Baro Başkanı Geçilmez, Denizli Barosu önceki dönem başkanlarından avukat Erdal Çam'ın 6 gün önce daha evvel davasına baktığı müvekkili tarafından sadece mesleki faaliyeti nedeniyle öldürüldüğünü hatırlattı. Geçen yıl yaşadıkları saldırılar sonucunda avukat Servet Bakırtaş ve avukat Ersin Arslan'ın öldürüldüğünü belirten Geçilmez, avukat Asilcan Tuzcu'nun ise gözünü kaybettiğini söyledi. Geçilmez, “Daha dün Nevşehir Barosu önceki başkanlarımızdan avukat Mustafa Necmi Öncül, müvekkilinin davalı olduğu iki kişi tarafından darbedildi. Maalesef saydığımız bu yaşam hakkına dönük ve can yakıcı vakalar artık her gün ve yaşamın her alanında sistematik halde yaşanılan avukata yönelik şiddetin çok az sayıda örneğidir. Avukatlar, her geçen yıl daha fazla oranda öldürme, yaralama, tehdit, hakaret gibi saldırıların mağduru haline geliyor. Bazen sözlü bazen silahlı olan bazen müvekkilden bazen karşı taraftan kaynaklanan ve bazen yaralama bazen ölümle sonuçlanan bu saldırıların değişmeyen ortak bir yönü var. Avukatların yalnızca mesleki faaliyetlerini yerine getirdikleri için bu saldırılarla karşı karşıya kalmaları ve münferitmiş gibi görülen bu saldırıların aynı zamanda avukatlık faaliyetine, savunmaya, dolayısıyla adil yargılanma hakkına ve adaletin tesisine dönük olması. Avukata yönelik şiddetin temelinde, avukatın mesleki faaliyetleri ve bu kapsamda, görevlerini yaparken müvekkilleriyle özdeşleştirilmeleri yahut savunma hakkının etkin kullanılması için mücadele ederken bu görevin ifasını önleme niyeti yer almaktadır" dedi.

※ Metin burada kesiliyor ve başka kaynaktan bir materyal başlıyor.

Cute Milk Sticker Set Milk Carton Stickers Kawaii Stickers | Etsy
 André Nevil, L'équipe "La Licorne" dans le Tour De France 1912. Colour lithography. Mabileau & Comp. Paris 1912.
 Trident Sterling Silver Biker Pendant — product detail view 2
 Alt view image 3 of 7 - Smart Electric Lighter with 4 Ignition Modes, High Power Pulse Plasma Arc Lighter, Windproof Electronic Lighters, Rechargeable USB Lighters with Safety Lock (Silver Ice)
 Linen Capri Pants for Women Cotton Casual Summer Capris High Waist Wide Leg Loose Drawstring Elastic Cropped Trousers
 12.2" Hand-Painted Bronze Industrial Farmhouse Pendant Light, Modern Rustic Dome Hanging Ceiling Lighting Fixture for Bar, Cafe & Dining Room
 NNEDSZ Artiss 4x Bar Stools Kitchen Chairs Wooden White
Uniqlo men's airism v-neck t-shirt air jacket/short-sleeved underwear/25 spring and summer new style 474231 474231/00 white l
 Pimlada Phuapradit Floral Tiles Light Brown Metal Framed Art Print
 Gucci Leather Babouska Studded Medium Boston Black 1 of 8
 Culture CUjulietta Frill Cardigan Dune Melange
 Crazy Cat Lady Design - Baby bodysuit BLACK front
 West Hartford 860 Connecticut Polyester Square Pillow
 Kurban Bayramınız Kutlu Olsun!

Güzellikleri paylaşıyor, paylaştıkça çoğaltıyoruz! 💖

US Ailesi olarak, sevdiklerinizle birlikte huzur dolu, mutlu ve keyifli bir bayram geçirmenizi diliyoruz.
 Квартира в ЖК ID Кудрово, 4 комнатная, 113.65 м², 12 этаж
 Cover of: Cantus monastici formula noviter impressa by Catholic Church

'MECLİSTE KOMİSYON KURULMALI'

Avukatlık mesleği kapsamında gerçekleştirilen faaliyetlerin, niteliği gereği çekişme ve uyuşmazlık içerdiğini bildiklerini, bu nedenle avukata yönelik şiddetin, toplumun genelinde gözlenen şiddet eğiliminden veya diğer profesyonel meslek mensuplarına yönelik şiddetten önemli farklılıklar içerdiğini savunan Geçilmez, “Özel olarak avukatlara yönelik şiddete ilişkin gerekli adımlar atılarak, önlem alınması elzemdir. Mesleğimizi yaparken, görevimizi ifa ederken can veriyoruz. Avukat tehdit altındaysa, hak arama özgürlüğü de tehdit altındadır. Bizler dava dosyalarının tarafı değil, vekiliyiz. Vekalet etmek mesleğimizin gereğidir. Biz bu görevi üstlenmezsek; adalet işlemez. Bize saldıranların bile muhtaç oldukları savunma hakkı kullanılamaz. Bizler bu görevi, şu veya bu kişilerin menfaati için değil adil yargılanma hakkının hayata geçirilmesi için yerine getiriyoruz. Acil talebimiz yeni yasama döneminde, Anayasa'nın 98'inci ve TBMM İçtüzüğü'nün 104 ve 105'inci maddeleri uyarınca Meclis araştırması açılmalı, konuyla ilgili TBMM araştırma komisyonu kurulmalıdır. Türkiye Barolar Birliğinin Adalet Bakanlığına sunduğu öneriler kapsamında, gerekli düzenlemeler acilen hayata geçirilmelidir. Devletin tüm kurumlarında ve yurttaşlarda, avukata yönelik şiddetin engellenmesiyle ilgili farkındalık yaratılmalıdır. Tek bir kayba daha tahammülümüz yok. 180 bin avukat olarak bizler, Barolarımız ve Türkiye Barolar Birliği olarak; avukata yönelik şiddetin normalleşmesine izin vermeyecek, ortak mücadeleyi sonuna kadar sürdüreceğiz" diye konuştu.